## WHAT THE TASK REQUIRES
Going from the top of the data below, give again each line through the one containing "SHEFFIELD, ENGLAND - APRIL", both ends kept.

## GIVEN DATA
◆ ◆ ◆ ◆ ◆

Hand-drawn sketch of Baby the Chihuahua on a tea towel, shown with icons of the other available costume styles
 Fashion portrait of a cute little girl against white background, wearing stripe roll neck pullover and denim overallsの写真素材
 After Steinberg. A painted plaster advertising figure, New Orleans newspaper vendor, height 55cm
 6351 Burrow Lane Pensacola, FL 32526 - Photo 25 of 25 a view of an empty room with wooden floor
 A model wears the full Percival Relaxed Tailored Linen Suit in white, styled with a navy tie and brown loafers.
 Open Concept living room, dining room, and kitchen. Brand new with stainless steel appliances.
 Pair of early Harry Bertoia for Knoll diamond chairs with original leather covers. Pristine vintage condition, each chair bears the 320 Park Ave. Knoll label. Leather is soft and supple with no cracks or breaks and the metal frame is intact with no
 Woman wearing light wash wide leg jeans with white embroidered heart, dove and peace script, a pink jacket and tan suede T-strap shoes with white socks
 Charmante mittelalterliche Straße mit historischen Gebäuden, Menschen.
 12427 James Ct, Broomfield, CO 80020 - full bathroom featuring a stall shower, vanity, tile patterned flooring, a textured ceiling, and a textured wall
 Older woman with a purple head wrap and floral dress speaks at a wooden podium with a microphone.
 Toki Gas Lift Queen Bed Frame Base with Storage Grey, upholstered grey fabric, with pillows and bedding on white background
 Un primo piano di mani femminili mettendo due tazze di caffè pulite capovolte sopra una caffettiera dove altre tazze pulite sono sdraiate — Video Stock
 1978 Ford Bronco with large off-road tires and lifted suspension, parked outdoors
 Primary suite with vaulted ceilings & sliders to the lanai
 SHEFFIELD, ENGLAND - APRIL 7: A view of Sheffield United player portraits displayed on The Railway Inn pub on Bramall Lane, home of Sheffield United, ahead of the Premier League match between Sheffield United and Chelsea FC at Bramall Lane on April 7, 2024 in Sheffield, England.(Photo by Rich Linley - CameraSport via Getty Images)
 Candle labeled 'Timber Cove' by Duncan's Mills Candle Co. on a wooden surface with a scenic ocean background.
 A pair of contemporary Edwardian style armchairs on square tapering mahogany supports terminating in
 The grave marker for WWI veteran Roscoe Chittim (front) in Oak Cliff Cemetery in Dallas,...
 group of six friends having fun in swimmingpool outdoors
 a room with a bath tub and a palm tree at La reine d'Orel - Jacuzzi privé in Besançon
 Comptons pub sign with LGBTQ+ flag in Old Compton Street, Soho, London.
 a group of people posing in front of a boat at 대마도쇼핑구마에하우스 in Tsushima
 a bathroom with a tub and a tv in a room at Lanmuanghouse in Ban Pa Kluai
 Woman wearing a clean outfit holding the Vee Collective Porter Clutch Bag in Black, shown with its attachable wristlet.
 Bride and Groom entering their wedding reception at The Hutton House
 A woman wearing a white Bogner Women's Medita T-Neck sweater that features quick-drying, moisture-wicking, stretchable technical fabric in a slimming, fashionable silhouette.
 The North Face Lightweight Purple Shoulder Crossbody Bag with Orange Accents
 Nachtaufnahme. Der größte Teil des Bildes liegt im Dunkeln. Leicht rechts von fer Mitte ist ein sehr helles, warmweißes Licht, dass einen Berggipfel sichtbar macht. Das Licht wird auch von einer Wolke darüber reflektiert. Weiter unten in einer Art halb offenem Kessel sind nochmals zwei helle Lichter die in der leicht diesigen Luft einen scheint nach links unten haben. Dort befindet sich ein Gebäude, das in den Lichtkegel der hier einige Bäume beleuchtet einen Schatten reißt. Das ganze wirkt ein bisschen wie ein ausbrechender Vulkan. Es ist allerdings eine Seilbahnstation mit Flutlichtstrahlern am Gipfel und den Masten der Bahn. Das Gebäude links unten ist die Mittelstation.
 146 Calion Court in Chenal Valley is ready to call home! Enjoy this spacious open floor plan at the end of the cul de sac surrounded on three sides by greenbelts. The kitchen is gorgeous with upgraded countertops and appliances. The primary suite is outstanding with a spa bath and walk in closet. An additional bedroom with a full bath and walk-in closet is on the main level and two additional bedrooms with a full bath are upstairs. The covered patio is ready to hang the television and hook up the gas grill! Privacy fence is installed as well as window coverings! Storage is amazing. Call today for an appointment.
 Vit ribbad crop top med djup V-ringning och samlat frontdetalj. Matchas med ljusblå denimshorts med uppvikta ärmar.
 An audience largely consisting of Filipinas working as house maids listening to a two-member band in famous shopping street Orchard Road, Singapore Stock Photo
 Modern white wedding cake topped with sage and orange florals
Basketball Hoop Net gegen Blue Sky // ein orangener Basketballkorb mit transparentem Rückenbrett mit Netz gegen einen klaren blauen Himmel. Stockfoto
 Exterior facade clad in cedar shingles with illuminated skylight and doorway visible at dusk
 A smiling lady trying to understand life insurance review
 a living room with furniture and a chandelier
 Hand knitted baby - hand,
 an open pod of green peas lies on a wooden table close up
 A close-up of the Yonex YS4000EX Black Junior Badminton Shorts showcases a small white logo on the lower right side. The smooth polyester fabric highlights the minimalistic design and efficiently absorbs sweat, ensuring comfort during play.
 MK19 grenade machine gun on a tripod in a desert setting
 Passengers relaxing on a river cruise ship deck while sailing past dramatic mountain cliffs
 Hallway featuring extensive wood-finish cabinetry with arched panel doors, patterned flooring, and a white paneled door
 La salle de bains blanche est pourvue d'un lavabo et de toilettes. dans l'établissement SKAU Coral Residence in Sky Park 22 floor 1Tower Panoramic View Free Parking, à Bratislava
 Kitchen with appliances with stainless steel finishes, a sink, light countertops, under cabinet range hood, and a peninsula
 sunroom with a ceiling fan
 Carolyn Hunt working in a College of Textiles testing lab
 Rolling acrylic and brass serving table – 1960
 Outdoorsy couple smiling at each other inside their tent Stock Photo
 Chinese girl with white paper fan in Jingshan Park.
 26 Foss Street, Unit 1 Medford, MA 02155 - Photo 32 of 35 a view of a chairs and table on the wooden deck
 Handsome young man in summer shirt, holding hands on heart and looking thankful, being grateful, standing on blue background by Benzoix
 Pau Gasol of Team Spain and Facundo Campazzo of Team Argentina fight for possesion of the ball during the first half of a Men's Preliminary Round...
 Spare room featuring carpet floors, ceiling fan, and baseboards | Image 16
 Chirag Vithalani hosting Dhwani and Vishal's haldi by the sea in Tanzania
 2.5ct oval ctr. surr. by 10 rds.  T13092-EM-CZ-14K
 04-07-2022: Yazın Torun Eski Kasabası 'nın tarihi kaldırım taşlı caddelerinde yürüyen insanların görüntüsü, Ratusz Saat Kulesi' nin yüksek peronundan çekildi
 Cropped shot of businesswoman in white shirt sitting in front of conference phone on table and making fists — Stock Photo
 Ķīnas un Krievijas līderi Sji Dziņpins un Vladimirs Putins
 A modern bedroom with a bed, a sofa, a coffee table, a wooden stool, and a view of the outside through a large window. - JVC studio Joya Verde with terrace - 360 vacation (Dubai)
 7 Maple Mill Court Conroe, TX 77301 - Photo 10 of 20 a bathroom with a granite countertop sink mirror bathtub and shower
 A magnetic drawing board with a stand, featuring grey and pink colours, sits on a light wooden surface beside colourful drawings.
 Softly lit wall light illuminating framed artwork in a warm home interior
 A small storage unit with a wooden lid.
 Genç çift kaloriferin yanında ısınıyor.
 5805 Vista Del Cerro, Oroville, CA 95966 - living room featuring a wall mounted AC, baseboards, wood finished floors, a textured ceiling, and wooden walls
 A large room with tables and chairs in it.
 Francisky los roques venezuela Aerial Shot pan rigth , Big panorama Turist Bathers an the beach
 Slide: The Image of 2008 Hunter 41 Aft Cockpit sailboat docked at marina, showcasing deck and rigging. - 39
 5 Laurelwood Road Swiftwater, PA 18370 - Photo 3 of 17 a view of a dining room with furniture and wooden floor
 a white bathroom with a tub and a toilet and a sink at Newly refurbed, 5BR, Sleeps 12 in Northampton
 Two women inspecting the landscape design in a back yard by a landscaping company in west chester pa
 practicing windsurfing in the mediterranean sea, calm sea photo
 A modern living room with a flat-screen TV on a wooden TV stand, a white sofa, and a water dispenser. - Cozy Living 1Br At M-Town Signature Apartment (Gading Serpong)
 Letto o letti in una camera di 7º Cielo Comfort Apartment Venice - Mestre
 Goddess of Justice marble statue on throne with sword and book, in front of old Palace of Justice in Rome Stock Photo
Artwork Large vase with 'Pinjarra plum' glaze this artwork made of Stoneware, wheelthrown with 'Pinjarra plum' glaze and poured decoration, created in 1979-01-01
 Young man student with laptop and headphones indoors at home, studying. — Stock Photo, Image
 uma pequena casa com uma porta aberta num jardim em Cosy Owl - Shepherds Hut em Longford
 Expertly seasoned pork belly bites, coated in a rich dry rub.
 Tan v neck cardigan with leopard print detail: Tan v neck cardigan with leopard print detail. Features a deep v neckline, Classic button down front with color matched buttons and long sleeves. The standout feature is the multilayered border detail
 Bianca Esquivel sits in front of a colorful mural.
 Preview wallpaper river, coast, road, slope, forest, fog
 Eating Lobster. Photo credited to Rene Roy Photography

◆ ◆ ◆ ◆ ◆

## EXPECTED ANSWER
Hand-drawn sketch of Baby the Chihuahua on a tea towel, shown with icons of the other available costume styles
 Fashion portrait of a cute little girl against white background, wearing stripe roll neck pullover and denim overallsの写真素材
 After Steinberg. A painted plaster advertising figure, New Orleans newspaper vendor, height 55cm
 6351 Burrow Lane Pensacola, FL 32526 - Photo 25 of 25 a view of an empty room with wooden floor
 A model wears the full Percival Relaxed Tailored Linen Suit in white, styled with a navy tie and brown loafers.
 Open Concept living room, dining room, and kitchen. Brand new with stainless steel appliances.
 Pair of early Harry Bertoia for Knoll diamond chairs with original leather covers. Pristine vintage condition, each chair bears the 320 Park Ave. Knoll label. Leather is soft and supple with no cracks or breaks and the metal frame is intact with no
 Woman wearing light wash wide leg jeans with white embroidered heart, dove and peace script, a pink jacket and tan suede T-strap shoes with white socks
 Charmante mittelalterliche Straße mit historischen Gebäuden, Menschen.
 12427 James Ct, Broomfield, CO 80020 - full bathroom featuring a stall shower, vanity, tile patterned flooring, a textured ceiling, and a textured wall
 Older woman with a purple head wrap and floral dress speaks at a wooden podium with a microphone.
 Toki Gas Lift Queen Bed Frame Base with Storage Grey, upholstered grey fabric, with pillows and bedding on white background
 Un primo piano di mani femminili mettendo due tazze di caffè pulite capovolte sopra una caffettiera dove altre tazze pulite sono sdraiate — Video Stock
 1978 Ford Bronco with large off-road tires and lifted suspension, parked outdoors
 Primary suite with vaulted ceilings & sliders to the lanai
 SHEFFIELD, ENGLAND - APRIL 7: A view of Sheffield United player portraits displayed on The Railway Inn pub on Bramall Lane, home of Sheffield United, ahead of the Premier League match between Sheffield United and Chelsea FC at Bramall Lane on April 7, 2024 in Sheffield, England.(Photo by Rich Linley - CameraSport via Getty Images)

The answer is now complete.